(Extracted records)
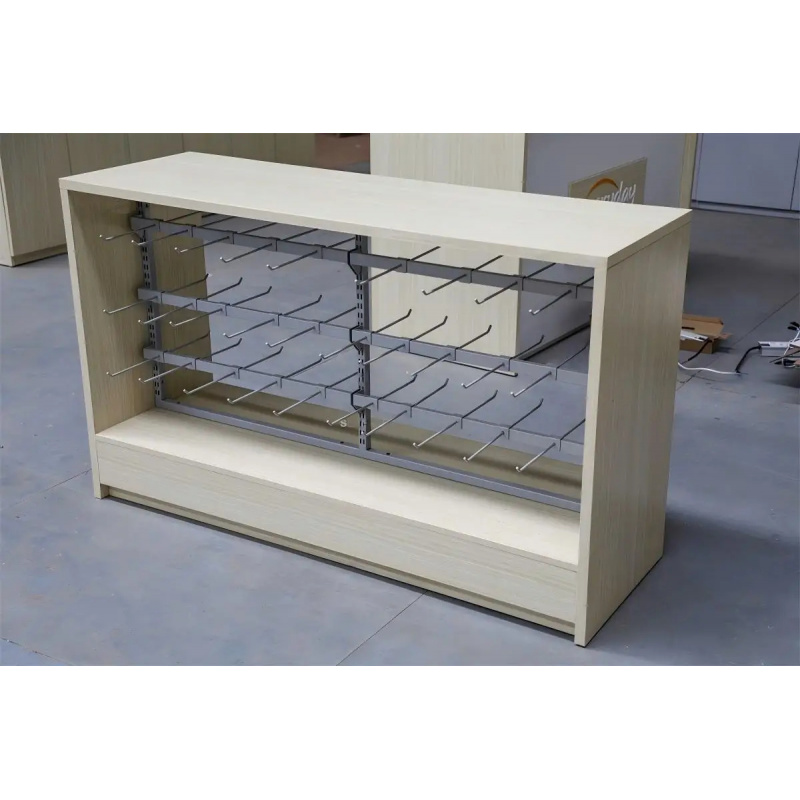 Modern ontworpen displaykast,  - Phone Accessories Design Shop recensie en prijs
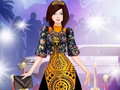                                                                       The Queen Of Fashion: Fashion show dress Up Game ﻞﯿﮭﮐ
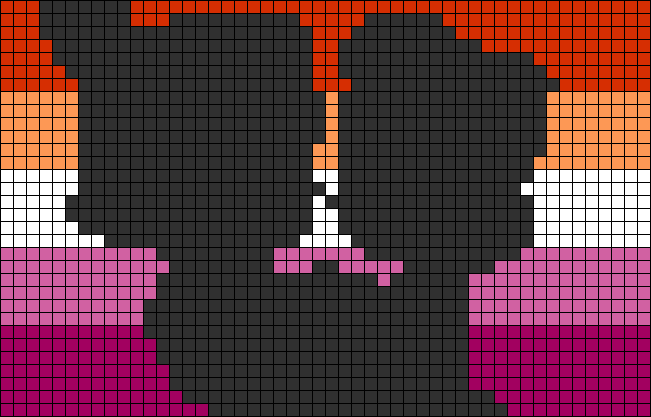 Alpha pattern #170397 preview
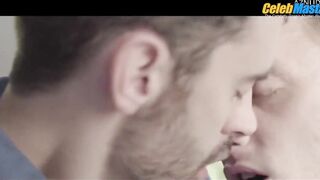 NICK FERRUCCI AND BENJAMIN FARMER NUDE/SEXY SCREENSHOT 6 IN THE FALLS COVENANT OF GRACE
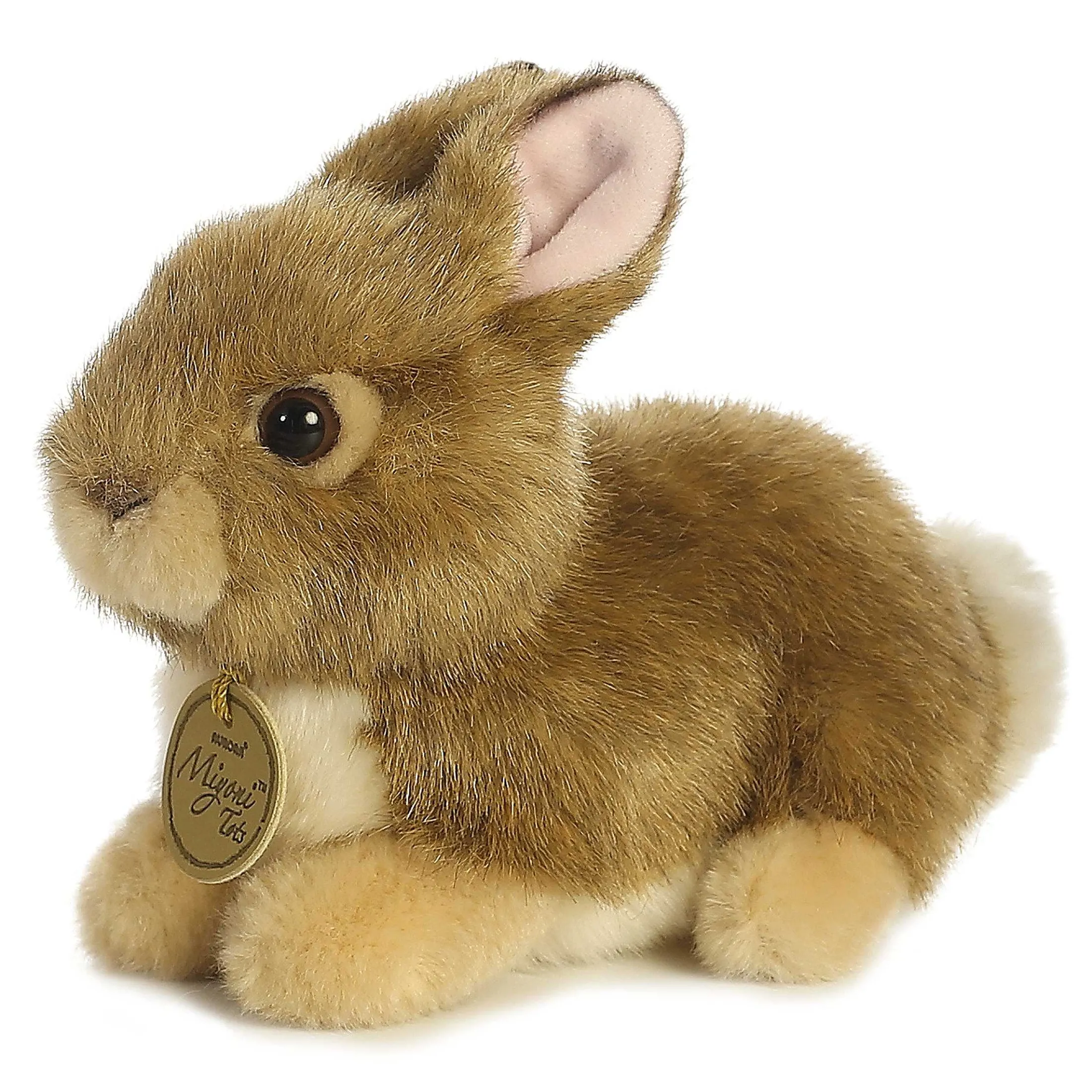 Aurora® - Miyoni® Tots - 7" Baby Bunny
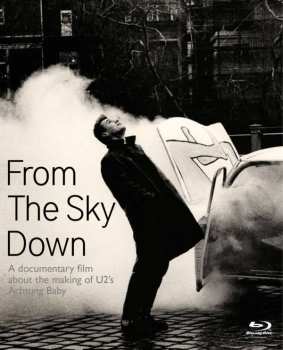 Blu-ray U2: From The Sky Down: A Documentary Film By Davis Guggenheim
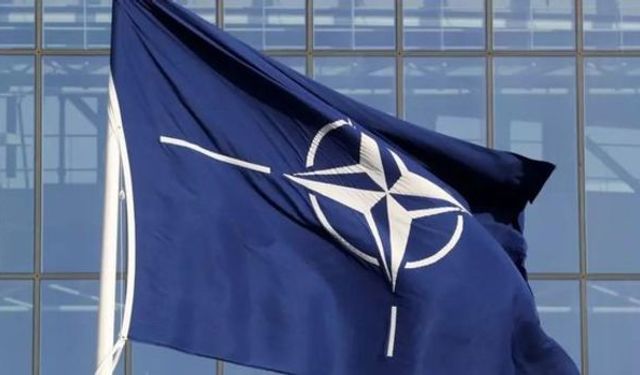 NATO'dan yeni uyarı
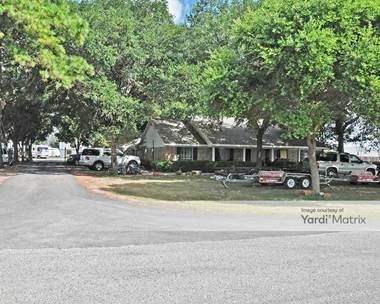 Storage Units for Rent available at 321 Settegast Ranch Road, Richmond, TX 77406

--- TASK ---
Skip every image and output the remaining records exactly.

--- RESPONSE AREA ---
 Modern ontworpen displaykast,  - Phone Accessories Design Shop recensie en prijs
                                                                       The Queen Of Fashion: Fashion show dress Up Game ﻞﯿﮭﮐ
 Alpha pattern #170397 preview
 NICK FERRUCCI AND BENJAMIN FARMER NUDE/SEXY SCREENSHOT 6 IN THE FALLS COVENANT OF GRACE
 Aurora® - Miyoni® Tots - 7" Baby Bunny
 Blu-ray U2: From The Sky Down: A Documentary Film By Davis Guggenheim
 NATO'dan yeni uyarı
 Storage Units for Rent available at 321 Settegast Ranch Road, Richmond, TX 77406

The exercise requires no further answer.